È un esilio simile a quello di tutti gli altri, fatto di parole e sguardi che si incrociano attraverso un computer o un telefono. L’esilio di non poter incontrare e l’impossibilità di stringere mani, di abbracciare, l’impossibilità di andare nelle case per rallegrarsi e consolare e condividere. L’esilio di stare fermi quando si vorrebbe andare per farsi vicini.
E poi l’esilio di non poter accompagnare nel passaggio della morte, cercando parole e gesti di speranza, e di non poter benedire, di non sapere come raggiungere chi viene separato dalla normalità per il sopraggiungere della malattia. L’esilio di non sapere come fare.

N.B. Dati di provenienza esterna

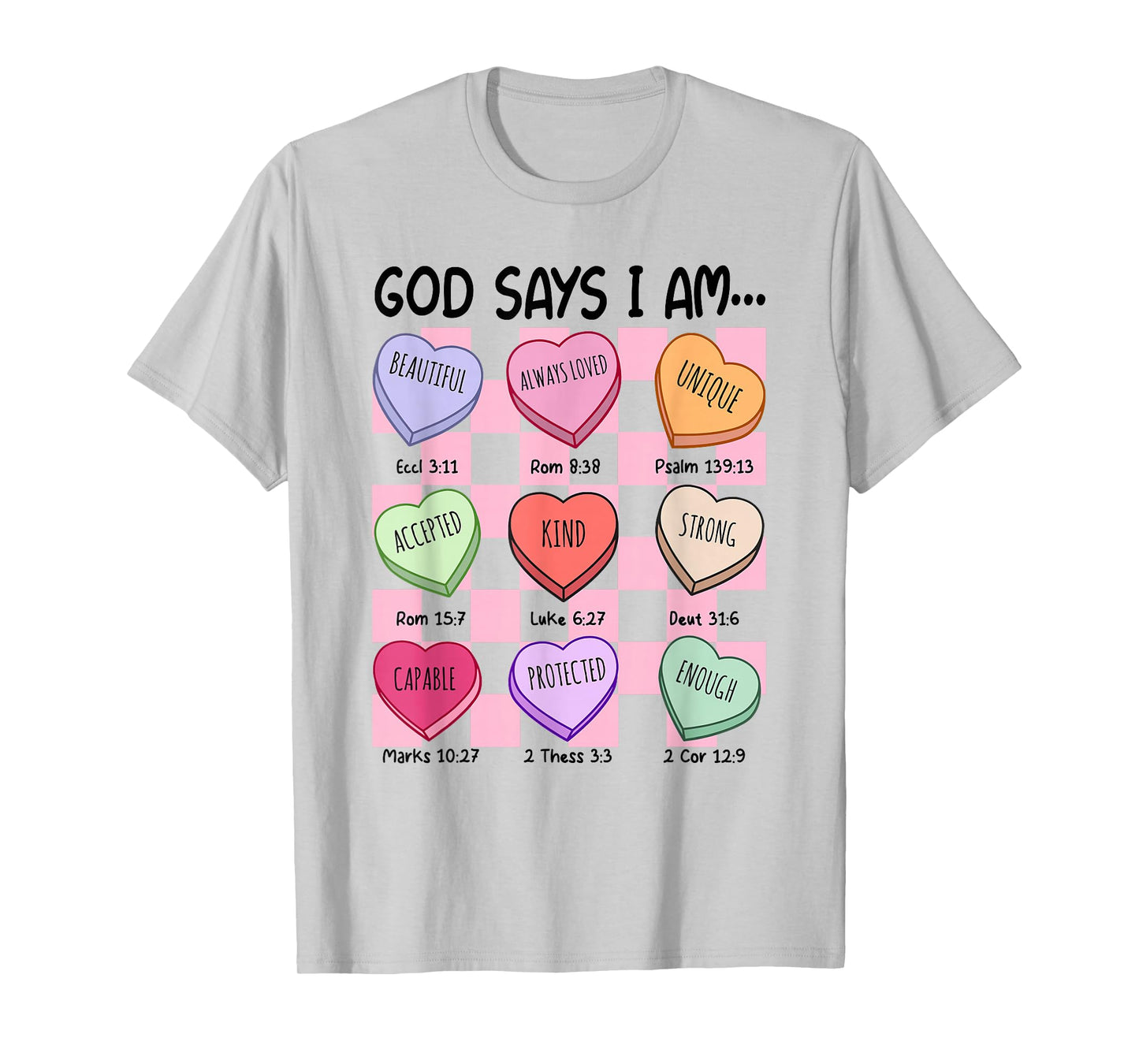 God Says I Am Toddler Kid Girls Valentine Hearts Bible Verse T-Shirt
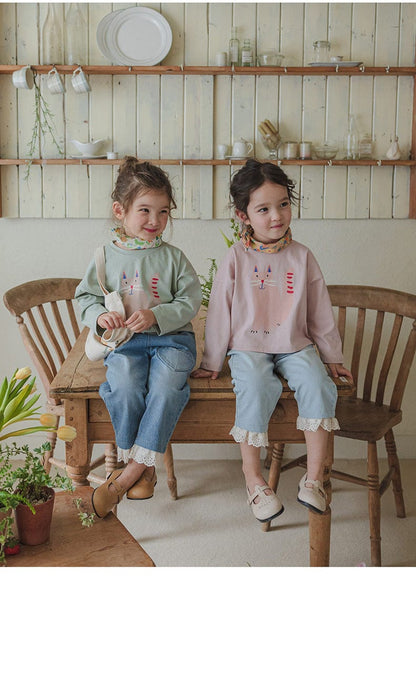 デニムパンツ ハート刺繍レース裾ワイドデニムパンツ【mh0010822】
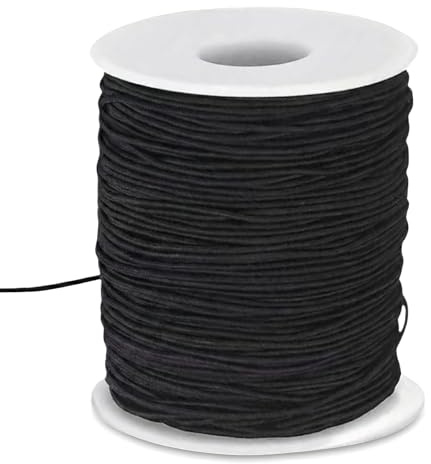 1mm x 100m/328 ft Cordoncino Elastico, Corda Elastica, Corda di Filo Elastico in Nylon per Perline, Braccialetto, Gioielli Fai da Te - Nero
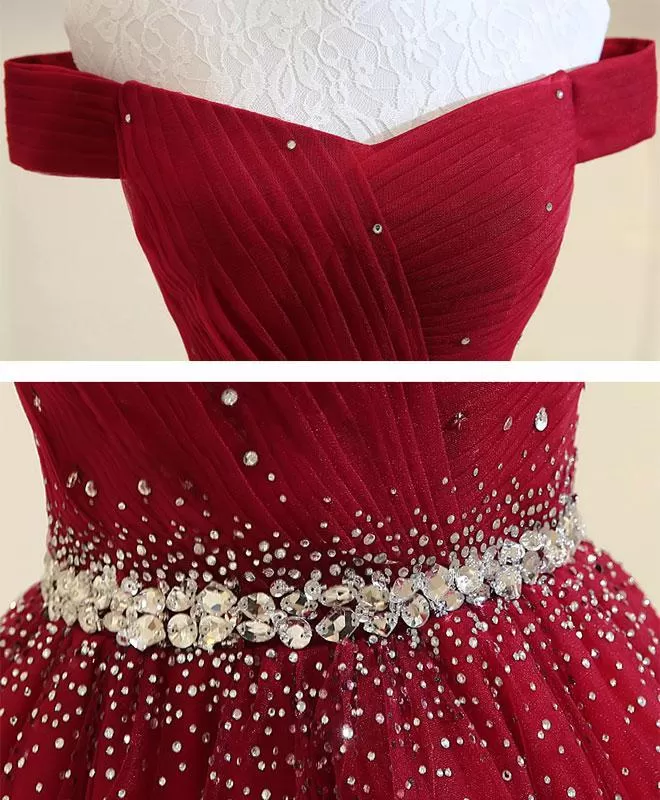 Off The Shoulder Red Prom Dress Cheap A Line Tulle Prom Dress #ER400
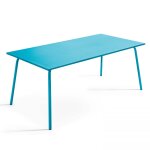 Table de jardin rectangulaire en métal bleu Table de jardin rectangulaire en métal bleu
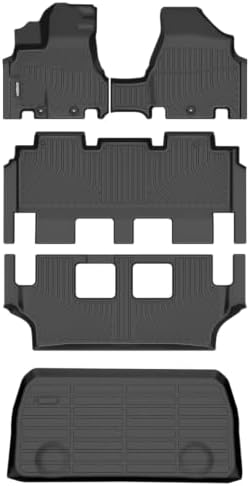 GINOWY-Floor Mats & Cargo Liner for 2011-2017 Honda Odyssey 7/8 Passenger, All Weather Car Floor Mat Custom Fit for Honda Odyssey Accessories Rubber Mats Cargo Liners Trunk Mat by GINOWY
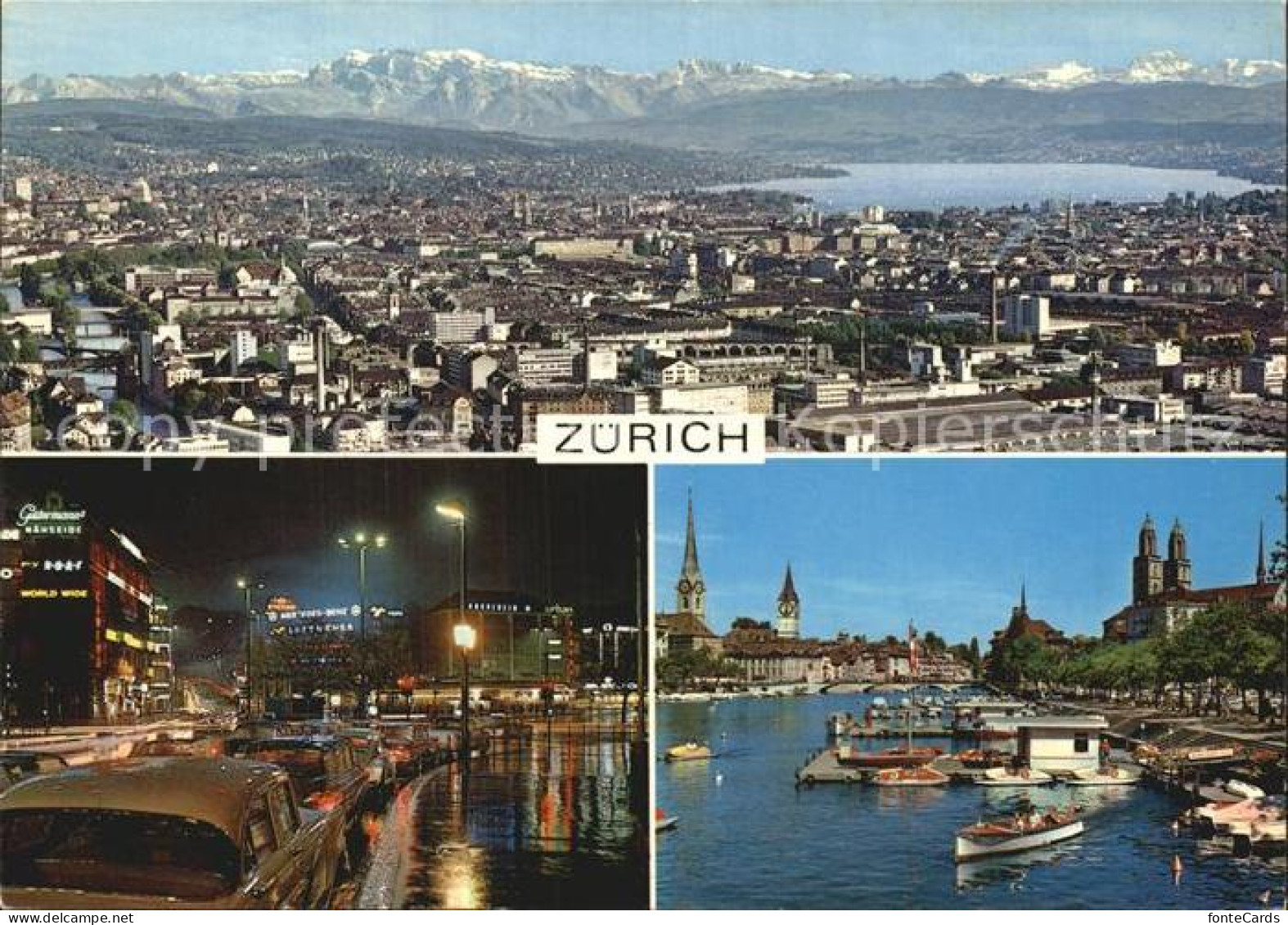 12439351 Zuerich ZH Gesamtansicht Mit Alpenpanorama Limmatquai Kirche Muenster N - Other & Unclassified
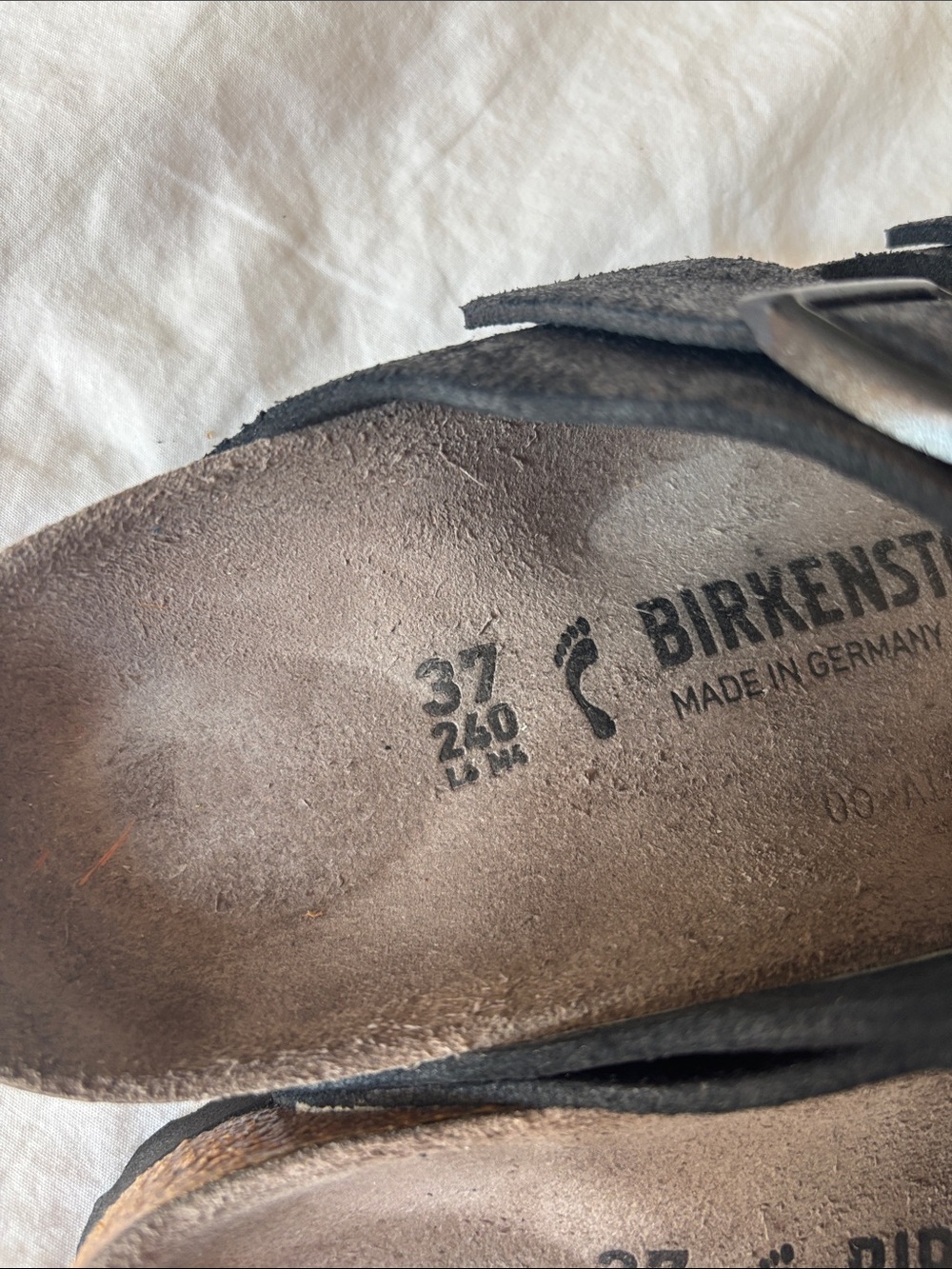 EUC Birkenstock Arizona Washed Metallic Antique Black, 37 - Rare - Picture 9 of 9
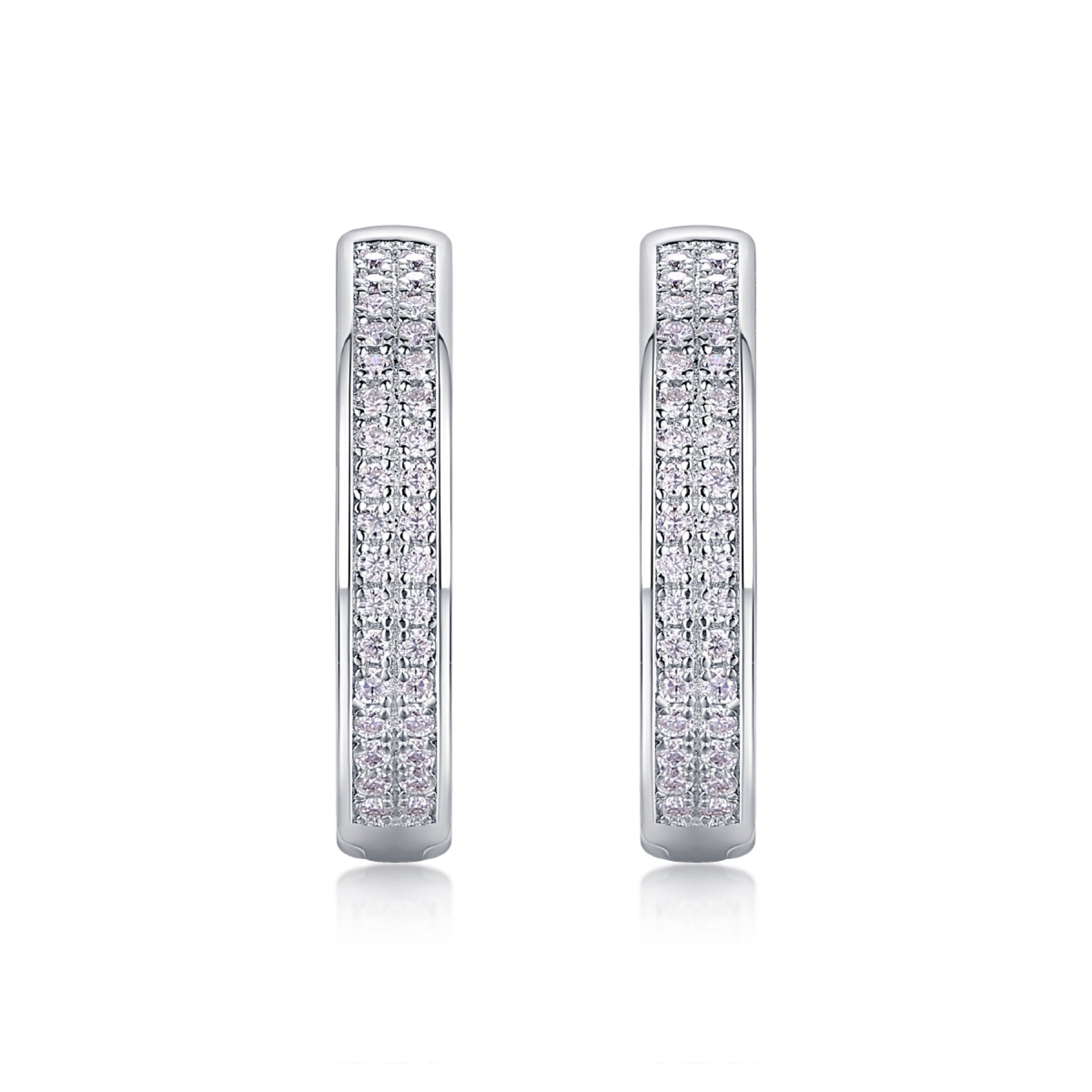 Banded Moissanite Huggie Hoop Earrings in Sterling Silver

Ma è soprattutto l’esilio di celebrare lontano dalla gente, l’esilio di non vivere più l’Eucaristia come luogo di concentrazione simbolica della comunità, magari lamentandomi del fatto che la gente a messa non viene, o viene e non partecipa, o partecipa ma non è consapevole… Celebrare, sapendo certamente che ogni singolo istante della messa si allarga a comprendere tutti gli istanti dispersi delle persone, tutta la gioia e tutto il dolore, tutti i sorrisi e tutte le lacrime, tutto il bene e pure tutto il male: ma non sperimentare più la chiesa come popolo radunato. E ribellarmi all’idea che si possa – magari in emergenza – ritenere che la Messa sia ‘uguale’ a prescindere dalla presenza delle persone, dal loro esserci come corpi e anime e storie. La Messa non è uguale, e – se pure il valore salvifico non cambia – è quasi una perversione pensare che il Corpo di Cristo sia visibile a prescindere dalla sua forma storica che è la comunità cristiana radunata.
L’esilio dunque di sentirmi inutile (molto) e la tentazione – forse – di essere presenzialista in mille modi e con mille streaming (senza giudicare chi cerca onestamente di rendersi presente), di parlare comunque e far vedere comunque che sto facendo qualcosa. E una ‘rivelazione’: che proprio in questa impossibilità sta la verità dell’essere inutili ma in quanto servi. Servi che non cercano qualcosa che è utile, ma qualcosa che è vero, che è umano, che riguarda il livello del senso e non della convenienza pratica.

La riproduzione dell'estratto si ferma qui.